◆ **Action item**
When copying the data below, keep only the lines from the one with "Forsvaret, Forsvarets krigshistoriske" through the one with "Cinematic Realistic Chef", word for word, and skip the pictures.

◆ **Records shown**
************
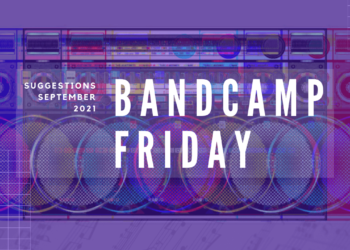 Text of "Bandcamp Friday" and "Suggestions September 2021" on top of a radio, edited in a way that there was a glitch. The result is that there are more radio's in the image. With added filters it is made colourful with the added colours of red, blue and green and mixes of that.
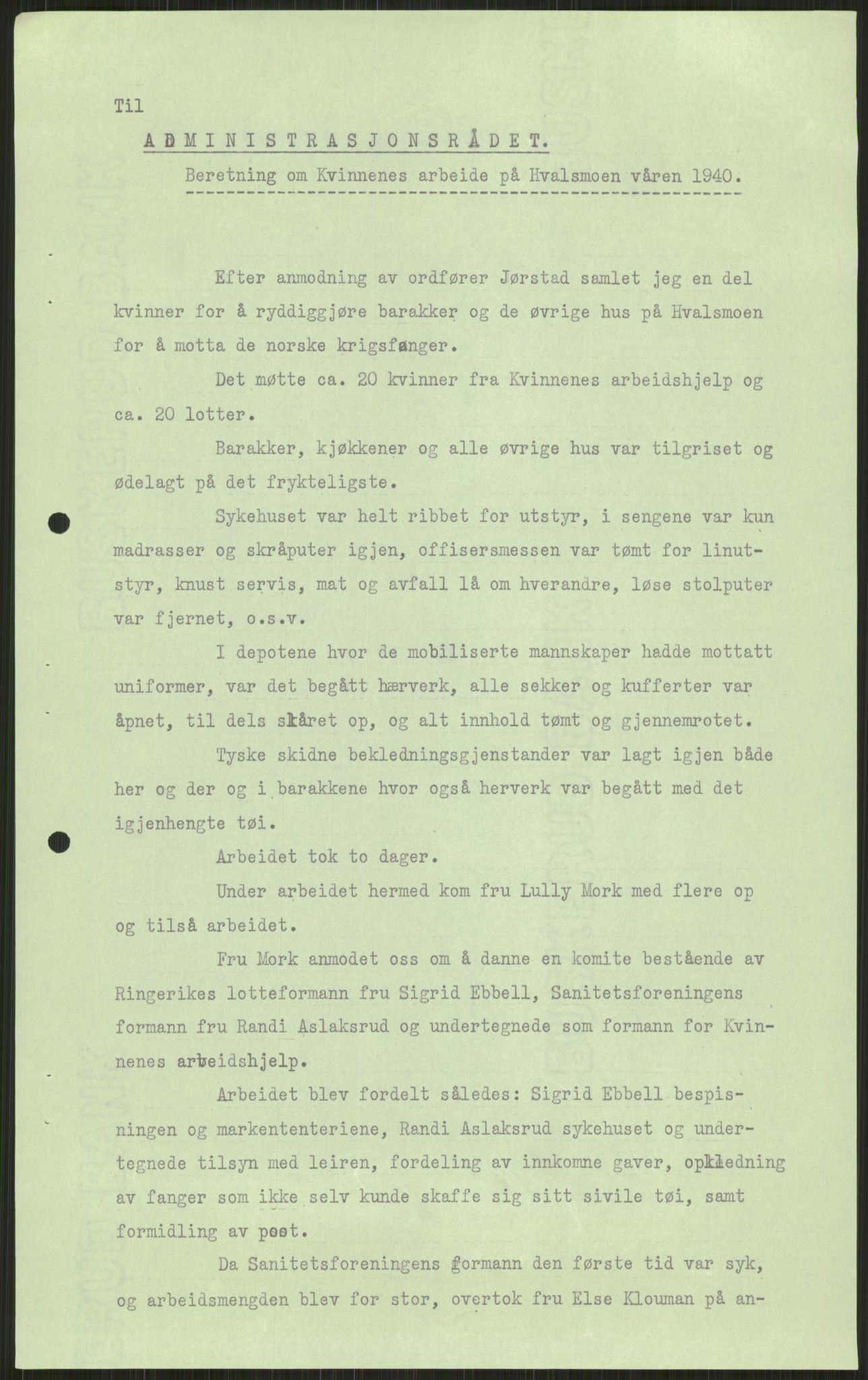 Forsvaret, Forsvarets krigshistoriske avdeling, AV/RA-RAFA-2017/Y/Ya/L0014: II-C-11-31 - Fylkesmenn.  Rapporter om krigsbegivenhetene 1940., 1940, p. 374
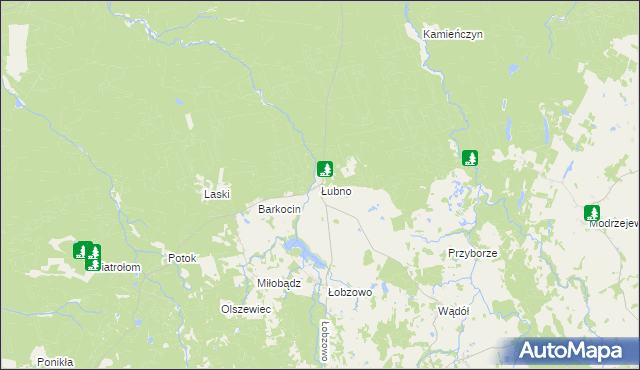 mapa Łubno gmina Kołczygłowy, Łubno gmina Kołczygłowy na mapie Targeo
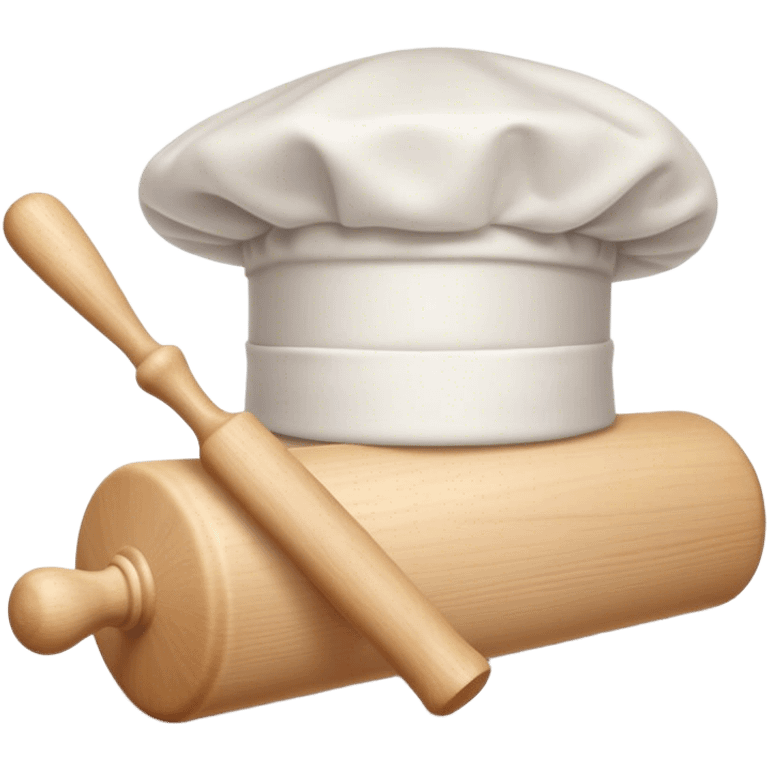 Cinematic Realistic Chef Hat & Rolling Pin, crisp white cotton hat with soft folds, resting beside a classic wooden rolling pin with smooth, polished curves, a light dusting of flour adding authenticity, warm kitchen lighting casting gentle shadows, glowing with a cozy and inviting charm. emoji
************
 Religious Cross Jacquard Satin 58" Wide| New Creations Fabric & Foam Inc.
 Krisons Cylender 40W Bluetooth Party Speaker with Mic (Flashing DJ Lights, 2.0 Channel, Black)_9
************
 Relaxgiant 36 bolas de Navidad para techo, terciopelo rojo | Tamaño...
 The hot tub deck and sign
************
◆ **Answer for the task**
 Forsvaret, Forsvarets krigshistoriske avdeling, AV/RA-RAFA-2017/Y/Ya/L0014: II-C-11-31 - Fylkesmenn.  Rapporter om krigsbegivenhetene 1940., 1940, p. 374
 mapa Łubno gmina Kołczygłowy, Łubno gmina Kołczygłowy na mapie Targeo
 Cinematic Realistic Chef Hat & Rolling Pin, crisp white cotton hat with soft folds, resting beside a classic wooden rolling pin with smooth, polished curves, a light dusting of flour adding authenticity, warm kitchen lighting casting gentle shadows, glowing with a cozy and inviting charm. emoji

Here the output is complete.